1. Introduction
Understanding urban flows and dynamics is important for uncovering hidden knowledge in spatial and social systems. For example, Batty [
1] argues that cities are built around flows of money, information, resources, etc. as well as people across urban spaces. Exploring how individual citizens move around urban spaces can potentially shed new light on both urban space characteristics and, critically, their dynamics and complexities [
1,
2].
Knowing how, where, when and why people travel in cities, particularly on a large and comprehensive scale, remains a challenge for researchers. Traditional travel surveys [
3,
4,
5,
6] are simply not responsive enough to capture the dynamics of population flows within cities and critically how patterns of movement change temporally as well as spatially. Transport system smart card data (SCD) are passively collected by automated fare collection systems in stations or on vehicles. They record individual-level details of where and when travellers enter (tap-in) and leave (tap-out) the transit system. They capture the dynamics of individual mobility within the city and provide opportunities to generate new insights into travel flows and mobility behaviours. However, such data contain no information on traveller socioeconomic status or trip purpose [
7]. New forms of micro-level (big) data, such as from social media, have been found to contain rich information about place semantics and individual interactions with the physical world [
8]. Combining such information with SCD presents an opportunity to generate a more holistic picture of urban flows through inference of where, when and why individuals move through cities. These understandings can also benefit the related urban and infrastructure planning, for example, contributing to the development of “liveable city” [
9].
In this context, the aims of this paper were (i) to link metro SCD with land use inferred from social media check-ins at points of interest (POIs), thereby (ii) to generate travel profiles from their origin and destination and from the time and day of travel, and to infer trip purpose, and finally (iii) to analyse travel flows of different groups and sub-groups of travellers to generate new insights into how individuals interact with and use urban space. The paper is organised as follows:
Section 2 presents an overview of the issues around understanding urban mobility, with
Section 3 presenting the data. The methods are presented in
Section 4, analysis and results are in
Section 5, with a critical discussion on limitations and areas for further work given in
Section 6 and
Section 7.
2. Behaviour from Smart Card Data
The analysis of mobility patterns within public transit systems can reveal new insights into the spatiotemporal features of daily urban life. An improved understanding of the mobility patterns of transit riders from different socio-economic backgrounds can support the evaluation of different aspects of current public transit services by authorities and policy makers. This allows, for example, targeted marketing strategies, decision making to improve services and explorations of the resilience and efficiency of transport infrastructures.

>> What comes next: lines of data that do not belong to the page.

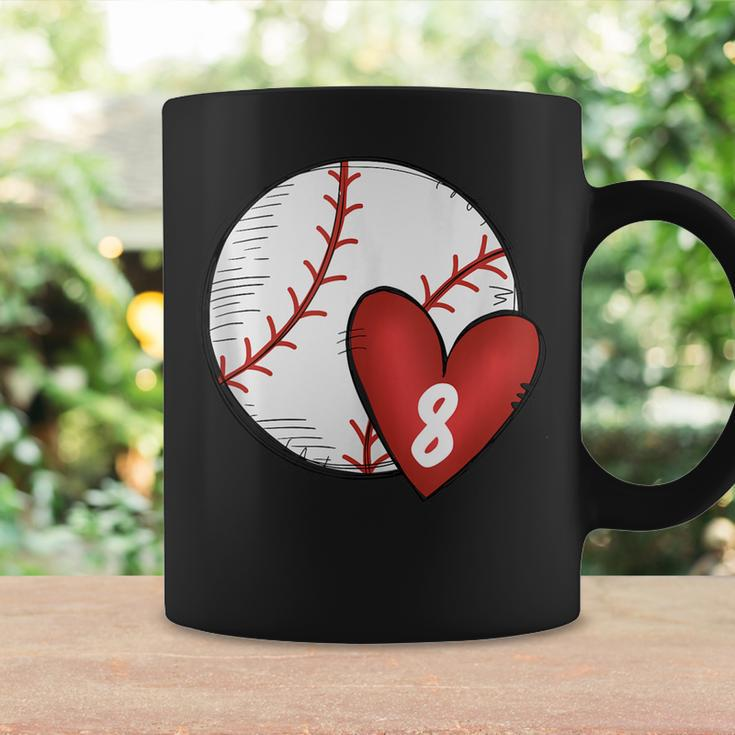 Womens Custom Baseball Mom Number 8 Heart For Mom Mommy Coffee Mug Gifts ideas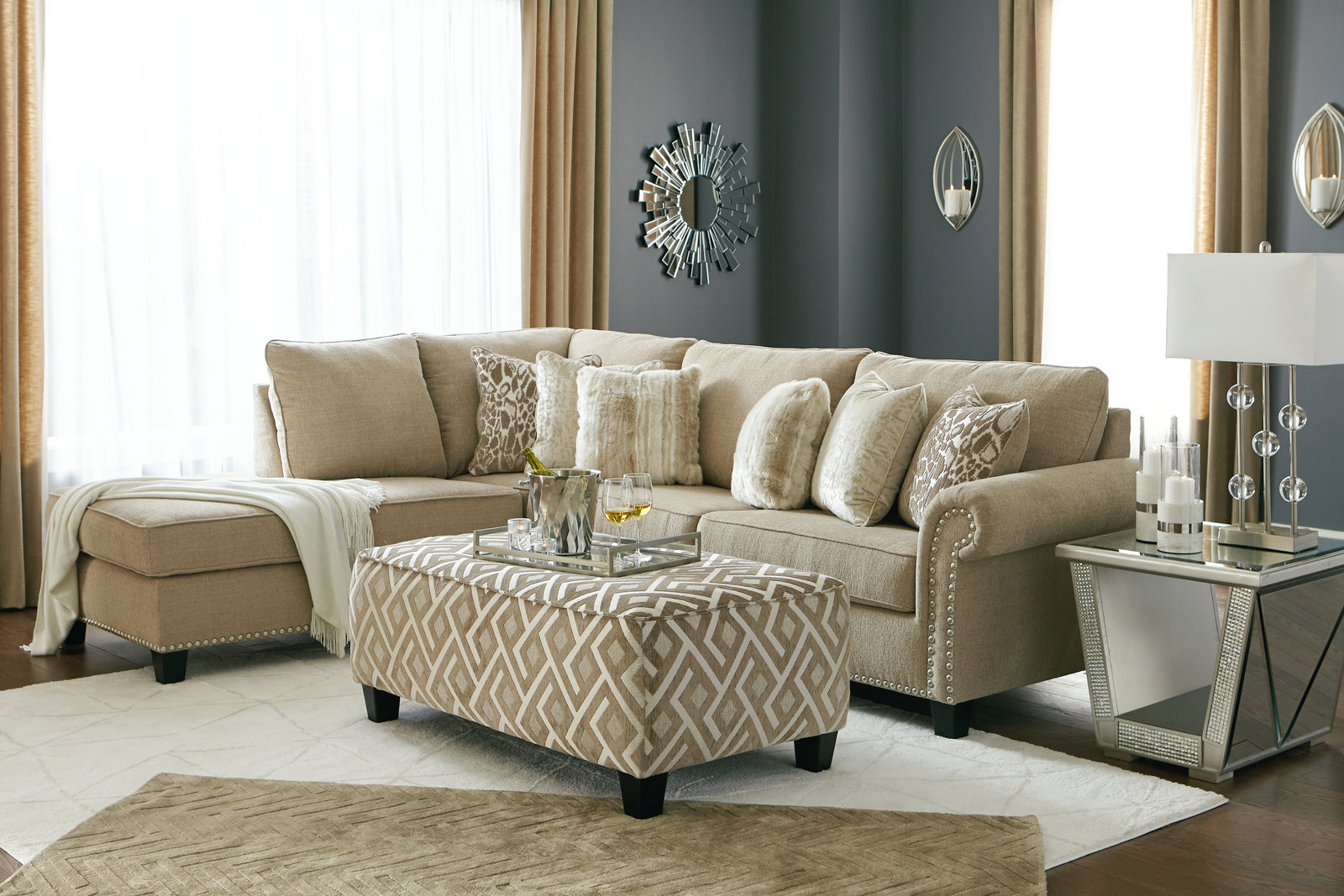 Dovemont Putty 2-Piece Sectional With Ottoman
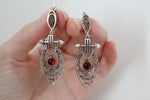 SET Ring earring red quartz silver 925 filigree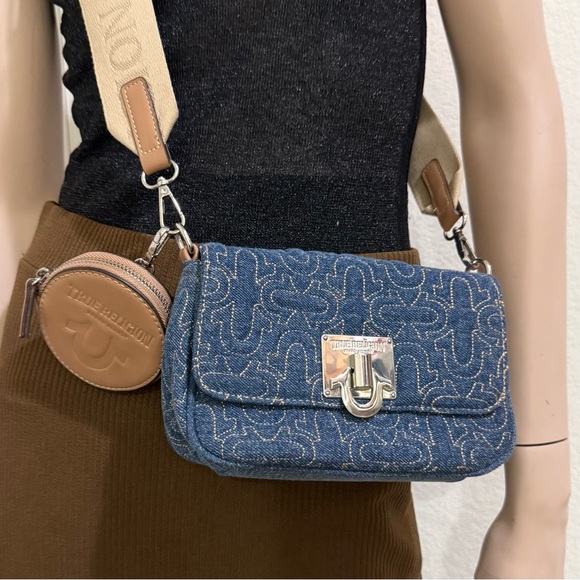 TRUE RELIGION Denim Quilted Horseshoe Wide Strap Coin Purse Flap Crossbody Bag - Picture 2 of 16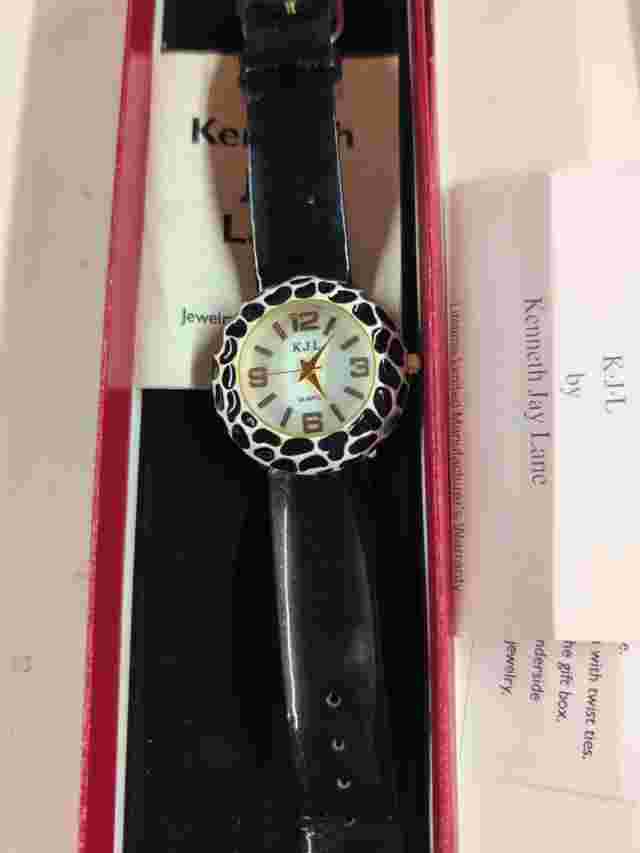 Kenneth Jay Lane KJL Leather Watche Animal Print Does work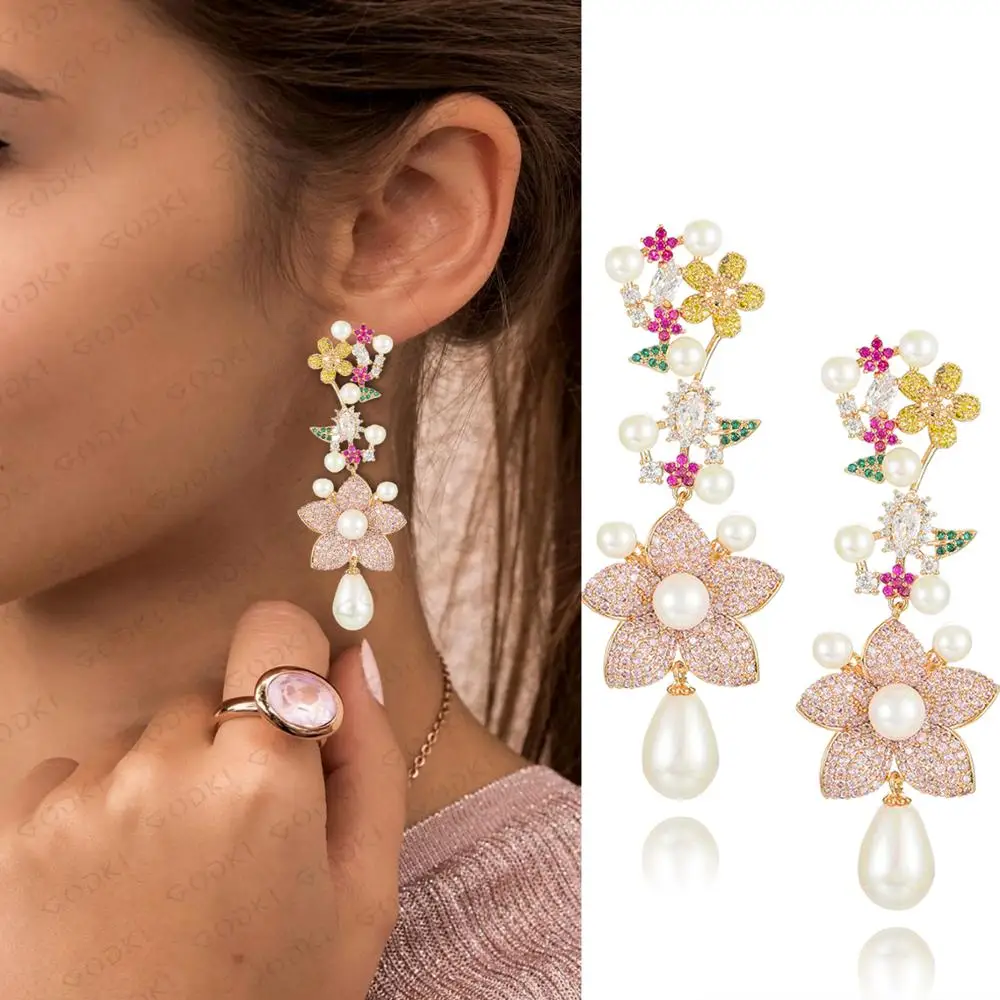 Женские серьги подвески с искусственным жемчугом в богемном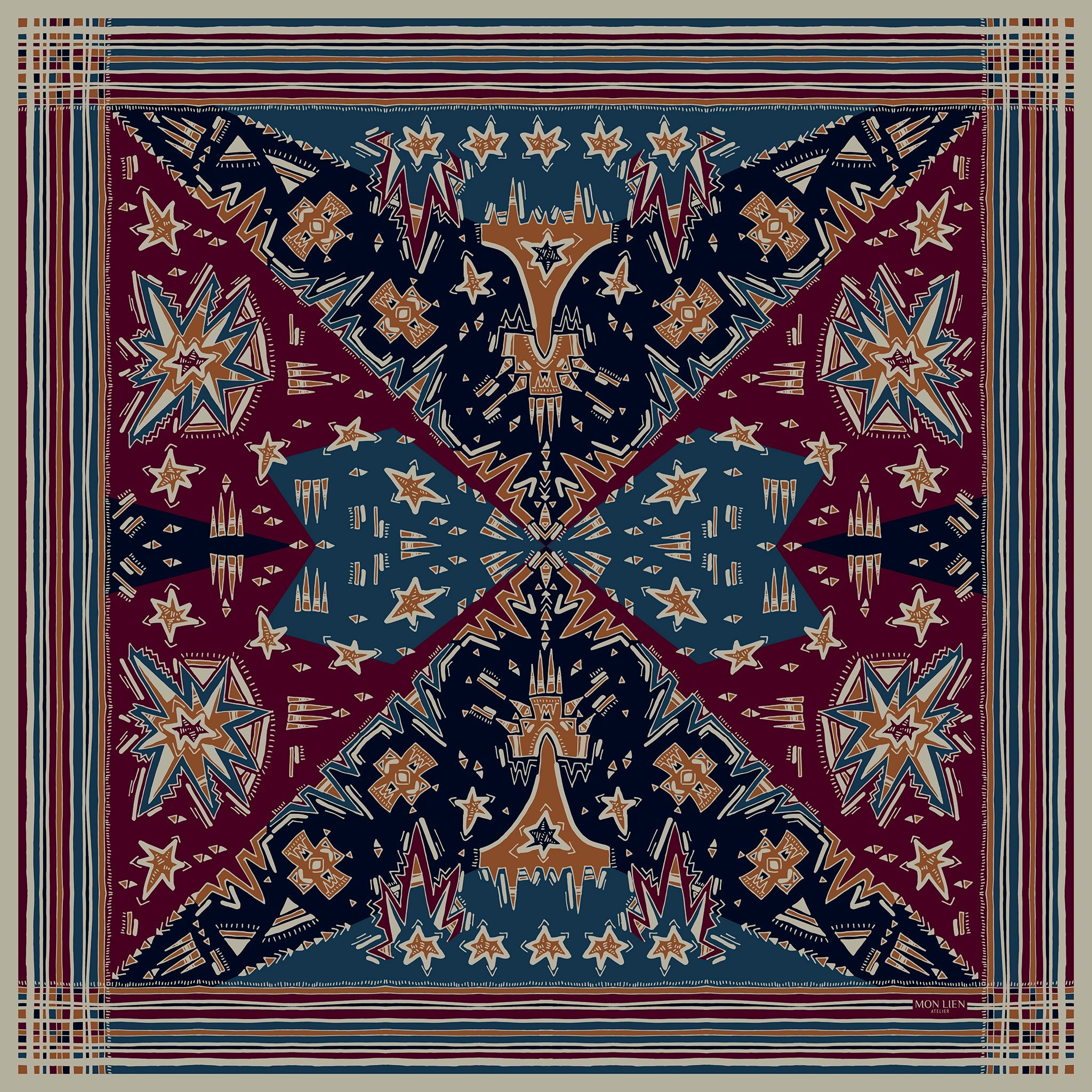 foulard chic quadrato in seta vista intera con motivi in composizione e bordo a righe palette bordeaux e blu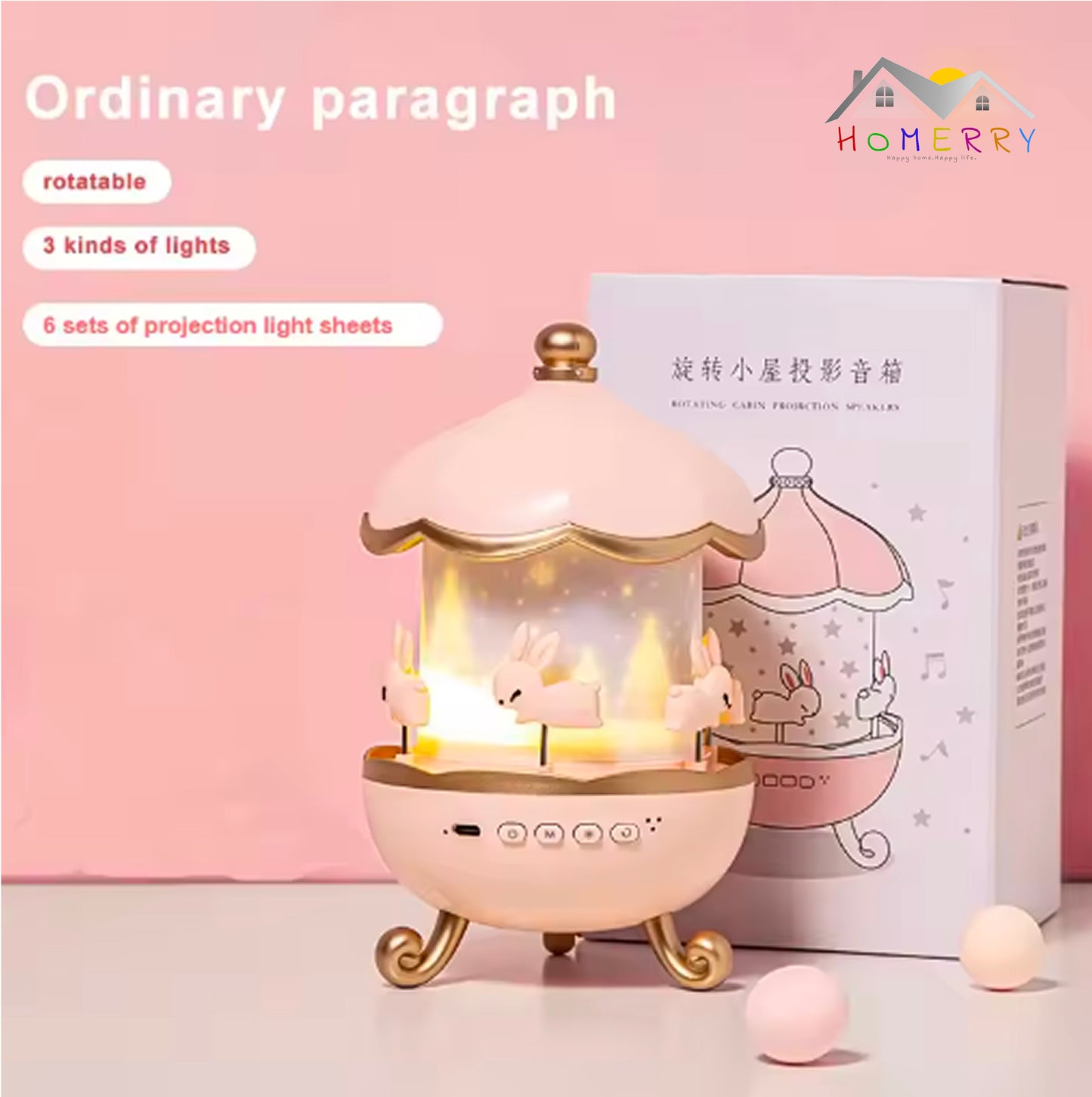 HOMERRY Carousel Night Light for Kids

Historically, such activities have been informed by travel behaviours research based on questionnaires and travel surveys [
3,
4,
5,
6]. Whilst survey data commonly contain personal demographic and socioeconomic details of survey subjects, they have a number of drawbacks. First, the representativeness and generalizability of the information from surveys may be limited, with a small number of respondents typically sampled. They may not be conducted at the same places and can have short temporal currency, particularly in cities that have been subject to rapid urbanisation over recent decades [
10]. Travel surveys may fail to adequately represent these situations. For these reasons, there has been an upsurge in research interest exploring the opportunities afforded by the many new forms of big data, including social media travel card data and social media.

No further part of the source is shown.